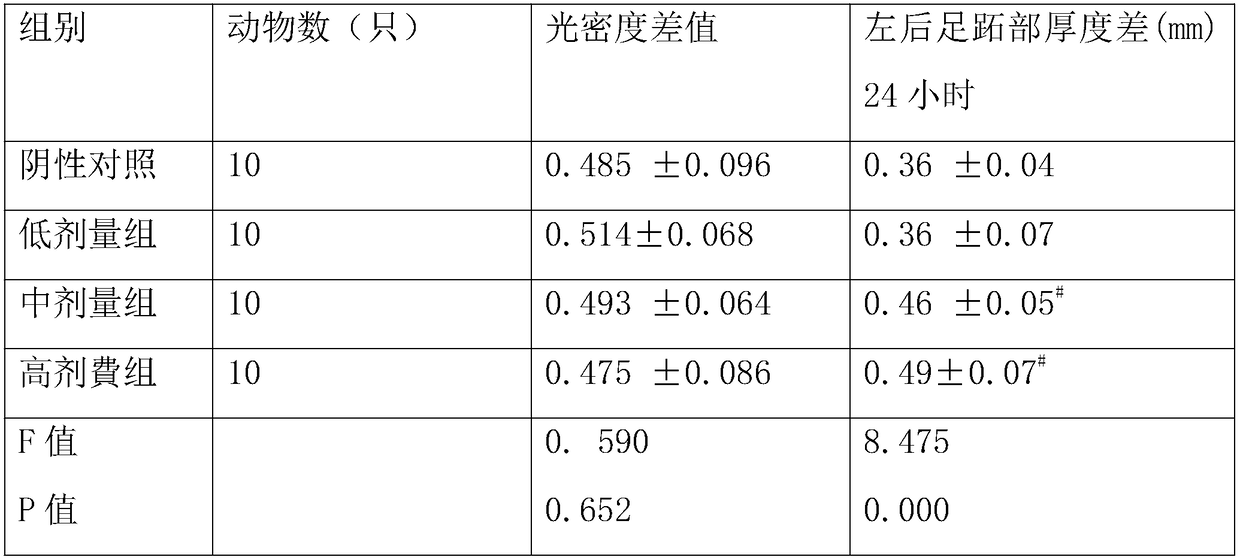 Drop, tablet and powder type N-acetylneuraminic acid anti-virus composition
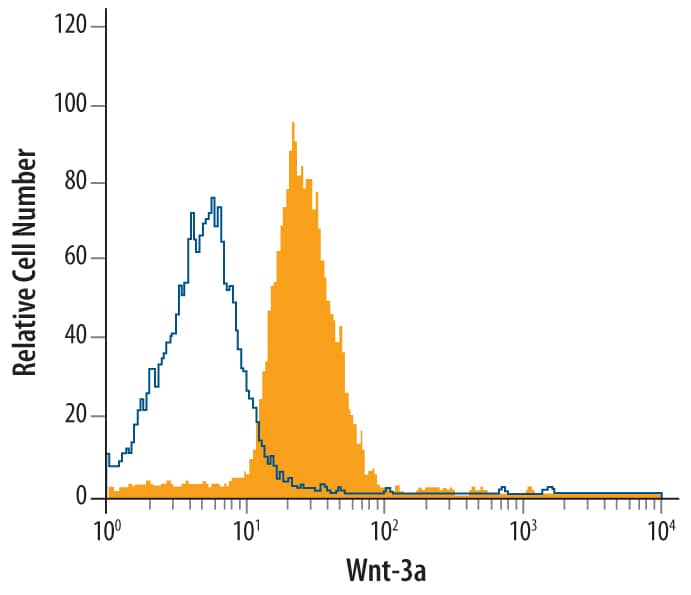 Intracellular Staining by Flow Cytometry Wnt-3a Antibody (217804.2R) [Unconjugated]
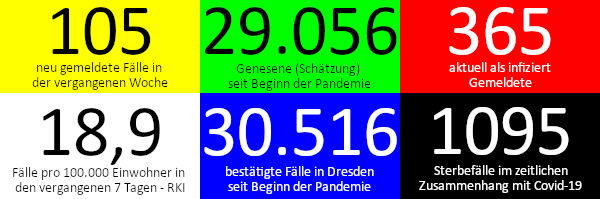 105 neue Fälle in den vergangenen 7 Tagen. 29.056 Genesene (Schätzung), nach dieser Schätzung gibt es aktuell 365 Infizierte. 18,9 Fälle pro 100.000 Einwohner in der vergangenen Woche laut RKI-Ampel. 30.516 bestätigte Fälle insgesamt. 1.095 Todesfälle im Zusammenhang mit Corona. Quelle: Gesundheitsamt Dresden/RKI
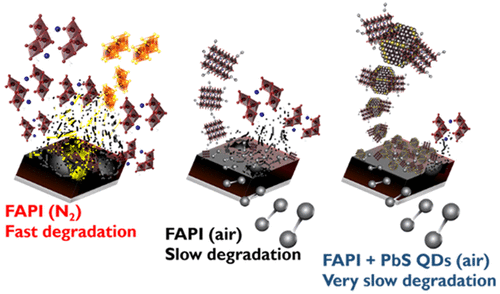 ACSEnergyLett's tweet photo. Boosting Long-Term Stability of Pure Formamidinium #Perovskite Solar Cells by Ambient Air Additive Assisted Fabrication, an #OA Letter by M. Salim, S. Masi, A. F. Gualdrón-Reyes, R. S. Sánchez, E. M. Barea, M. Kreĉmarová, J. F. Sánchez-Royo, I. Mora-Seró https://t.co/0QqgVkp2d3 https://t.co/1cWIDqfey2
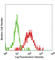 CD164 Molecule antibody, 324808, BioLegend, Flow Cytometry image 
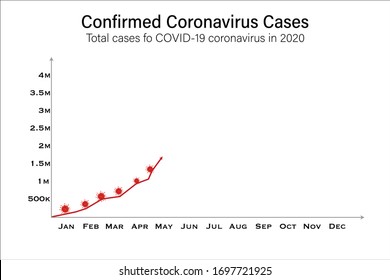 Coronavirus Covid-19 Karte bestätigte Fälle melden weltweit. Die Lage bei der Koronavirus-Krankheit 2019 wird weltweit aktualisiert. Diagramm zeigt die Anzahl der weltweit infizierten Menschen. Vektorillustration.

▶ [Directions]:
Needed here is only the span from the line with "CD164 Molecule antibody, 324808, BioLegend, Flow" through the last line of the entries, copied exactly with both ends and without pictures.

▶ [Answer to this problem]:
 CD164 Molecule antibody, 324808, BioLegend, Flow Cytometry image 
 Coronavirus Covid-19 Karte bestätigte Fälle melden weltweit. Die Lage bei der Koronavirus-Krankheit 2019 wird weltweit aktualisiert. Diagramm zeigt die Anzahl der weltweit infizierten Menschen. Vektorillustration.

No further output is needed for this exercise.